This year’s San Francisco International Film Festival announced

Get ready for a massive injection of cinema. The 61st San Francisco International Film Festival opens April 4 and closes two weeks later on April 17. And you know what that means? For the third year in a row, the SFilm Fest conflicts with Passover. You would think that someone would check a Jewish calendar.

The festival opens with A Kid Like Jake, about a young boy who just might prefer to be a young girl. It closes with Don’t Worry, He Won’t Get Far on Foot, a biopic about quadriplegic cartoonist John Callahan, starring Joaquin Phoenix. In between, the April 12 Centerpiece will screen the locally-made Sorry To Bother You, Boots Riley’s satire about rising in the corporation while black. This movie will screen twice (same night, different times) at the Castro and Oakland’s Grand Lake. The Grand Lake screening is already sold out (there may be At Rush tickets).


A Kid Like Jake

Speaking about theaters, the New Mission will not be part of the Festival this year. And yes, this is because of Alamo Drafthouse’s issues with sexual harassment.
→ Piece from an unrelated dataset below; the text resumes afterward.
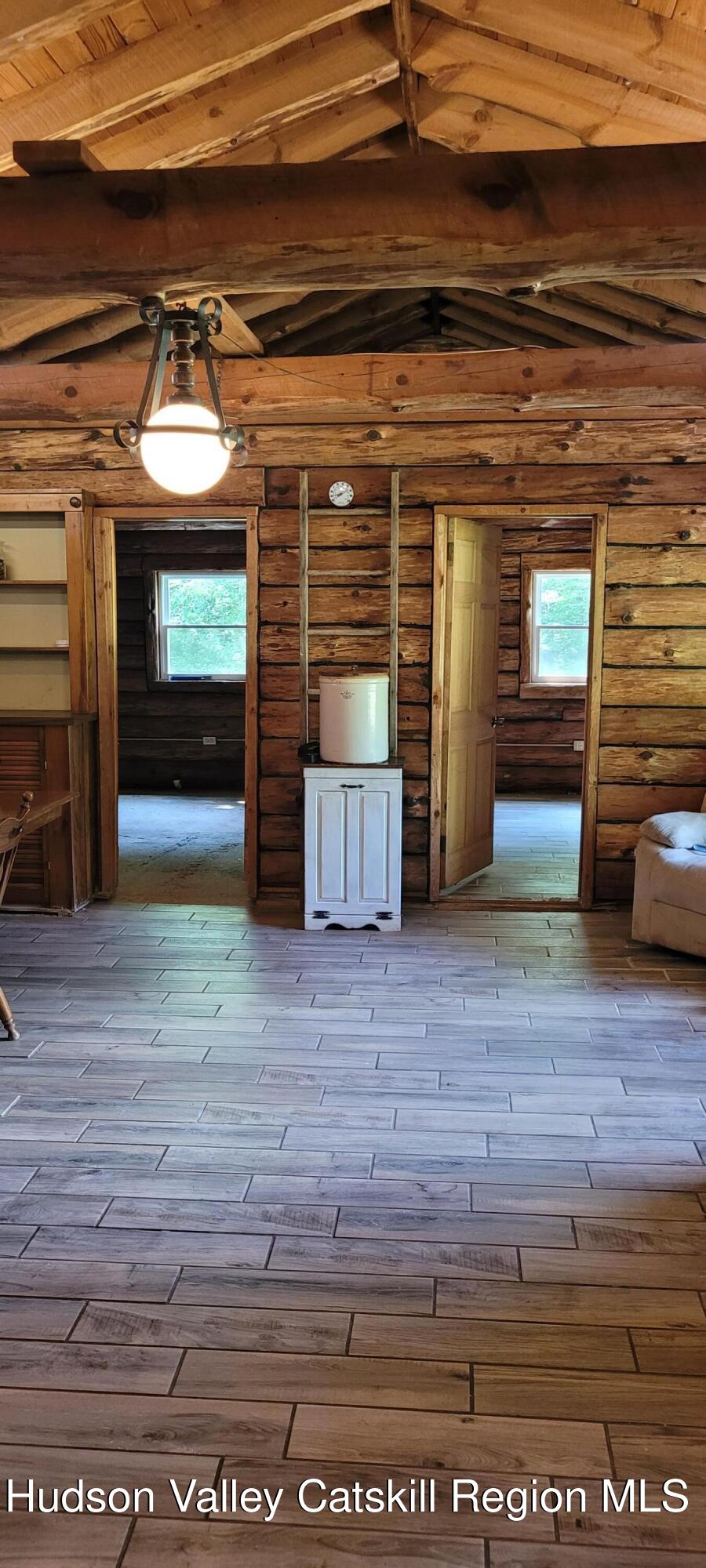 119 Brown House Road Gilboa, NY 12076 - Photo 12 of 39 20260702_153801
The Festival’s Executive Director, Noah Cowan, hopes that the issues can be cleared up and that the New Mission can be part of the festival next year.

Venues that will be part of the festival include the Castro, Roxie, SFMOMA, Victoria, Dolby Cinema, and across the Bay, at the Pacific Film Archive.
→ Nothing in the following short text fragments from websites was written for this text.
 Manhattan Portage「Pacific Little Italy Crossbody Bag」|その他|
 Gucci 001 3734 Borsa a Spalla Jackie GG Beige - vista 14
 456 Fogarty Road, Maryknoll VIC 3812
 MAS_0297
SFFilm doesn’t just present films. It also helps finance them. Four features and five shorts in this festival were made at least partly with SFFilm money. These include We the Animals, The Rescue List, and the above-mentioned Sorry To Bother You.


Sorry To Bother You

This festival has a tradition of screening silent films with unique and unconventional live music. Sometimes it works beautifully. Sometimes it stinks. This year, the silent film will be Yasujirô Ozu’s brilliant family comedy, I Was Born, But…, with music by an alt-rock group called Blonde Redhead. I have no idea if this will work.

It wouldn’t be a film festival if it didn’t honor filmmakers. Both Charlize Theron and Wayne Wang will receive tributes. The Theron event will include a screening of her newest film, Tully. Wang’s celebration will screen his 1995 film, Smoke. Nathaniel Dorsky will receive the Persistence of Vision Award. The George Gund III Craft of Cinema Award goes to Rob Epstein & Jeffrey Friedman, with a screening of their short documentary, End Game. The Mel Novikoff Award, given to someone who has enhanced the film-going public’s appreciation of world cinema, goes to Columbia University Professor Annette Insdorf. I’m not familiar with her, but I like her choice for a movie to screen: Ernst Lubitsch’s To Be or Not to Be
(you can read my Blu-ray review). Canadian filmmaker Guy Maddin will give the State of Cinema Address.


To Be or Not to Be

This year’s festival has quite a few biographical documentaries, covering the lives of Robin Williams, Fred Rogers, Hal Ashby, and Ruth Bader Ginsburg.

In all, this year’s festival will screen 183 films, including 57 narrative features, 37 documentary features, four new vision features (I’m not sure what that means, either), two episodic programs (in other words, parts of TV shows), and 83 shorts. The films will be in 46 different languages. Eight will be world premieres, and six will be US premieres.

Don’t even think of trying to see all of them.

I’ll be reporting on what to see and what to skip before and through the festival. Check my SF Intl 2018 category to see what I’ve written.

One thought on “This year’s San Francisco International Film Festival announced

  1. The New Visions category has been a key part of the Golden Gate Award for short-form work for decades. It includes work that defies easy classification into narrative, documentary, and animation categories. Some of the work falls derives from the experimental film traditions founded by folks like Oskar Fishinger, Maya Deren, Stan Brakhage, etc. or the video art & installation world, but some of it defies even those handy classifications.

    For the last couple years the festival has carved out a category of form-expanding features in a similar spirit. The catalog this year calls it “vanguard” but I guess they interchange that with “Mew Vision” as well. This year’s slate includes a collage work made up entirely of shots of outer space from other films, a documentary/fiction hybrid from a director whose past work tries to get the viewer to question the line between fiction and non-fiction, something called Carcasse I know nothing about beyond the program description positing it as the “first science-fiction documentary”, and a political essay film that, if it resembles its director’s prior work I’ve seen, will visually consist of depopulated landscape shots.